Key findings about Romeyka

Sitaridou’s extensive research over the past 16 years has yielded significant insights into Romeyka’s development and grammar. A major finding is that Romeyka descends from Hellenistic Greek rather than Medieval Greek, distinguishing it from other modern Greek dialects.

This challenges the notion that modern Greek is an isolated language, suggesting instead that Romeyka is its sister language.

One remarkable feature of Romeyka is its retention of the ancient Greek infinitive form, which has disappeared from all other known Greek dialects.

This preservation provides invaluable insights into the evolution of the Greek language.

An endangered Greek dialect spoken in north-eastern Türkiye has been identified by researchers as a “linguistic goldmine” because of its startling closeness to the ancient language, in Trabzon, Türkiye, Jan. 4, 2011 (Video by Cambridge University)

How did Greek language spread in Black Sea region?

The Greek presence in the Black Sea region dates back to the sixth century B.C., with significant contributions from colonizers. Over time, the Greek language spread through the establishment of colonies and the Christianization of the region.

In the fourth century B.C., Alexander the Great’s military campaigns played a role in establishing a Greek-speaking center south of Pontus, in Cappadocia. It’s plausible that Greek also spread northward from Cappadocia toward Pontus.

However, the pivotal period for the spread of the Greek language appears to have been during Christianization. The people of Pontus were among the early converts mentioned in the New Testament.

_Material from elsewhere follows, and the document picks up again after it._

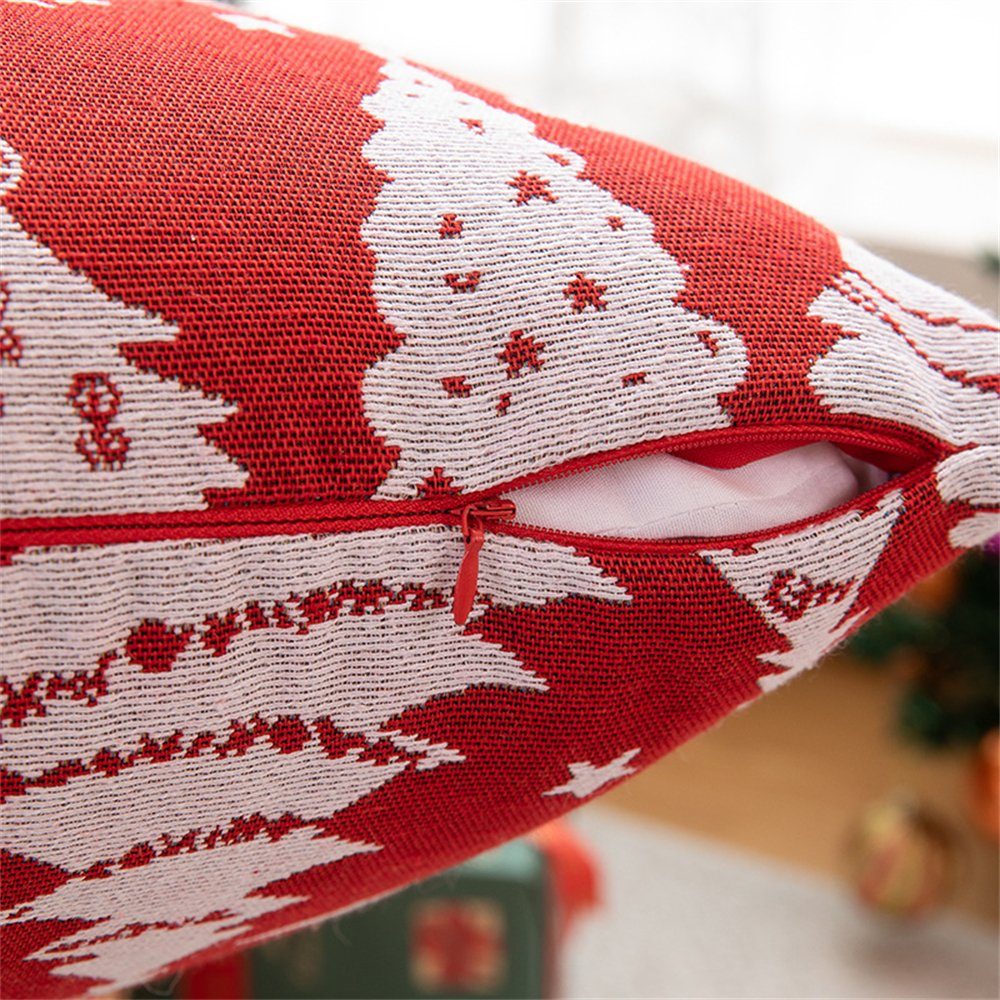 Rot Kissenbezug Weihnachtsmann bedruckter Weihnachts-Kissenbezug, 45×45cm Deko-Kissenbezug, Rouemi,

The Soumela Monastery, founded in 386 A.D., emerged about two decades after the region officially embraced Christianity.

Despite the conquest and subsequent Islamization of Trabzon by the Ottomans in 1461, some communities retained Romeyka.

Sitaridou’s recent fieldwork in Tonya, an area previously unexplored by researchers, has uncovered significant grammatical variations within Romeyka, indicating different historical developments due to varying degrees of Islamization.

The Ottoman Empire generally showed tolerance toward languages of different ethnic and religious groups, supporting their use. Despite Islamization, Greek-speaking communities in the Trabzon region managed to preserve some of their language and cultural features. This tolerant policy contributed to the continuity of languages like Romeyka.

Why is preserving heritage languages important?

Preserving languages like Romeyka is crucial for cultural identity and social cohesion. In Greece, Romeyka is sometimes viewed as a corrupted form of Greek.

Elevating the status of such languages strengthens community identity and connection.

Sitaridou’s work extends beyond Romeyka. She also focuses on documenting Sri Lanka Portuguese, a critically endangered language among Afro-descendant communities in Sri Lanka. These efforts underscore the global importance of language diversity.